L’ultimo conflitto ha visto un cessate il fuoco “doloroso” per l’Armenia, con diversi monasteri e luoghi cruciali passati sotto il controllo dell’Azerbaijan.

Il Nagorno Karabakh è una regione che è stata assegnata all’Azerbaijan da Stalin negli Anni Venti. Il territorio aveva una forte presenza di popolazione armena, come testimoniano i molti reperti cristiani e monasteri nella regione, alcuni risalenti anche al IV secolo. Molti di questi reperti sono stati distrutti nel corso degli anni, tanto che alcuni studiosi hanno parlato di un vero e proprio “genocidio culturale” ad opera degli azeri, che sono musulmani.

Gli azeri, dal canto loro, rivendicano che la loro popolazione anche è presente da tempo nel territorio, dicono di avere un legame con gli albanesi del Caucaso, e denunciano che gli armeni hanno distrutto le loro moschee quando hanno rivendicato la sovranità del territorio.

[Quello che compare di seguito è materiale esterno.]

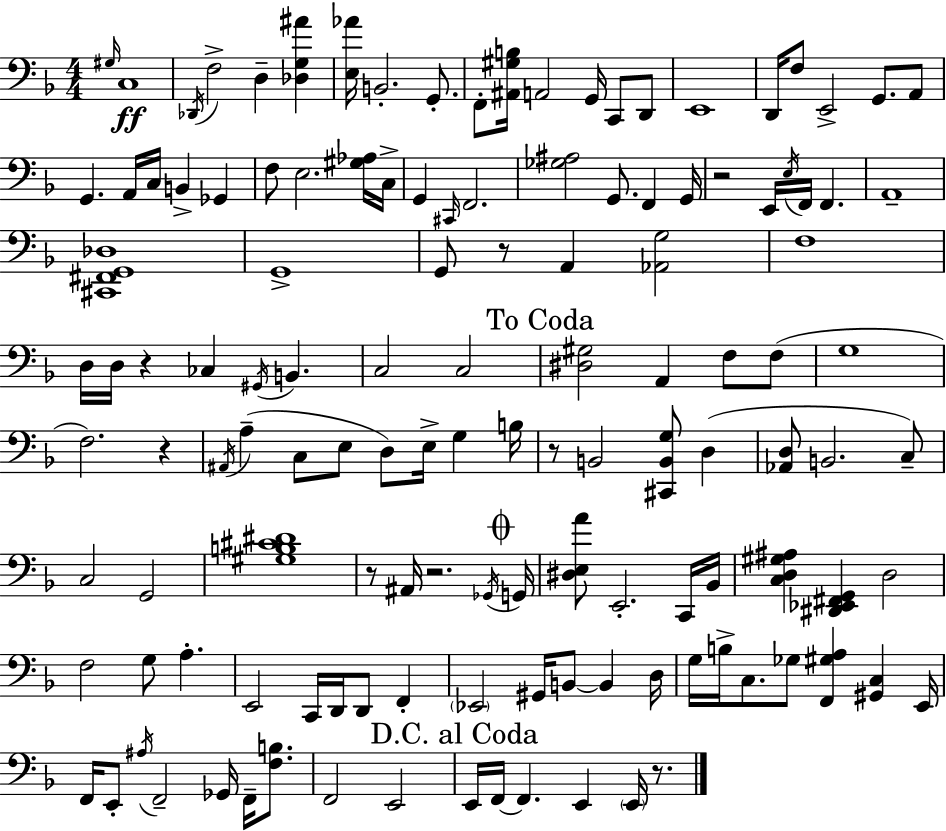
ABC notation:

X:1
T:Untitled
M:4/4
L:1/4
K:F
^G,/4 C,4 _D,,/4 F,2 D, [_D,G,^A] [E,_A]/4 B,,2 G,,/2 F,,/2 [^A,,^G,B,]/4 A,,2 G,,/4 C,,/2 D,,/2 E,,4 D,,/4 F,/2 E,,2 G,,/2 A,,/2 G,, A,,/4 C,/4 B,, _G,, F,/2 E,2 [^G,_A,]/4 C,/4 G,, ^C,,/4 F,,2 [_G,^A,]2 G,,/2 F,, G,,/4 z2 E,,/4 E,/4 F,,/4 F,, A,,4 [^C,,^F,,G,,_D,]4 G,,4 G,,/2 z/2 A,, [_A,,G,]2 F,4 D,/4 D,/4 z _C, ^G,,/4 B,, C,2 C,2 [^D,^G,]2 A,, F,/2 F,/2 G,4 F,2 z ^A,,/4 A, C,/2 E,/2 D,/2 E,/4 G, B,/4 z/2 B,,2 [^C,,B,,G,]/2 D, [_A,,D,]/2 B,,2 C,/2 C,2 G,,2 [^G,B,^C^D]4 z/2 ^A,,/4 z2 _G,,/4 G,,/4 [^D,E,A]/2 E,,2 C,,/4 _B,,/4 [C,D,^G,^A,] [^D,,_E,,^F,,G,,] D,2 F,2 G,/2 A, E,,2 C,,/4 D,,/4 D,,/2 F,, _E,,2 ^G,,/4 B,,/2 B,, D,/4 G,/4 B,/4 C,/2 _G,/2 [F,,^G,A,] [^G,,C,] E,,/4 F,,/4 E,,/2 ^A,/4 F,,2 _G,,/4 F,,/4 [F,B,]/2 F,,2 E,,2 E,,/4 F,,/4 F,, E,, E,,/4 z/2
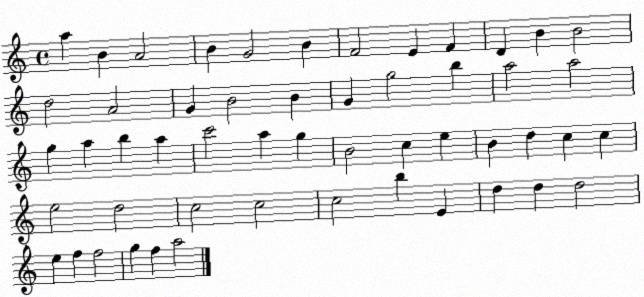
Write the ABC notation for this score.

X:1
T:Untitled
M:4/4
L:1/4
K:C
a B A2 B G2 B F2 E F D B B2 d2 A2 G B2 B G g2 b a2 a2 g a b a c'2 a g B2 c e B d c c e2 d2 c2 c2 c2 b E d d d2 e f f2 g f a2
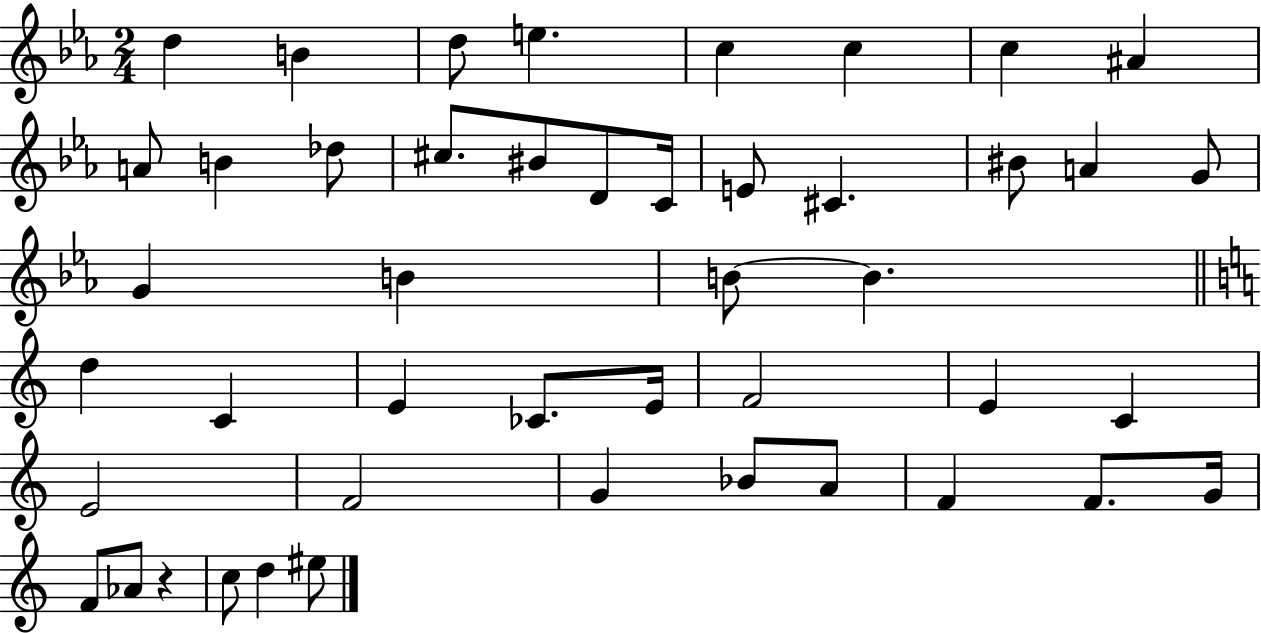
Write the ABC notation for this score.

X:1
T:Untitled
M:2/4
L:1/4
K:Eb
d B d/2 e c c c ^A A/2 B _d/2 ^c/2 ^B/2 D/2 C/4 E/2 ^C ^B/2 A G/2 G B B/2 B d C E _C/2 E/4 F2 E C E2 F2 G _B/2 A/2 F F/2 G/4 F/2 _A/2 z c/2 d ^e/2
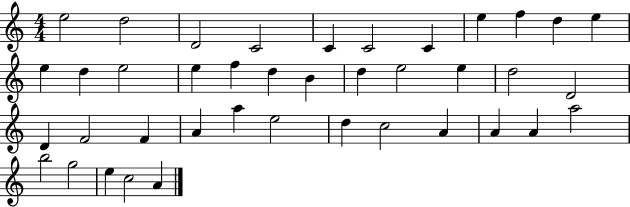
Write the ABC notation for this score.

X:1
T:Untitled
M:4/4
L:1/4
K:C
e2 d2 D2 C2 C C2 C e f d e e d e2 e f d B d e2 e d2 D2 D F2 F A a e2 d c2 A A A a2 b2 g2 e c2 A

Il fatto è che, alla dissoluzione dell’Unione Sovietica, fu dichiarata la nascita della Repubblica indipendente del Nagorno Karabakh, con successivo referendum. Gli azeri non lo accetatrono. Si arrivò ad un conflitto che terminò con il cessate il fuoco del 1994. Il Nagorno Karabakh rimase una regione contesa, una sorta di exclave armena in territorio azero. L’Armenia ha cercato di mantenere un equilibrio diplomatico.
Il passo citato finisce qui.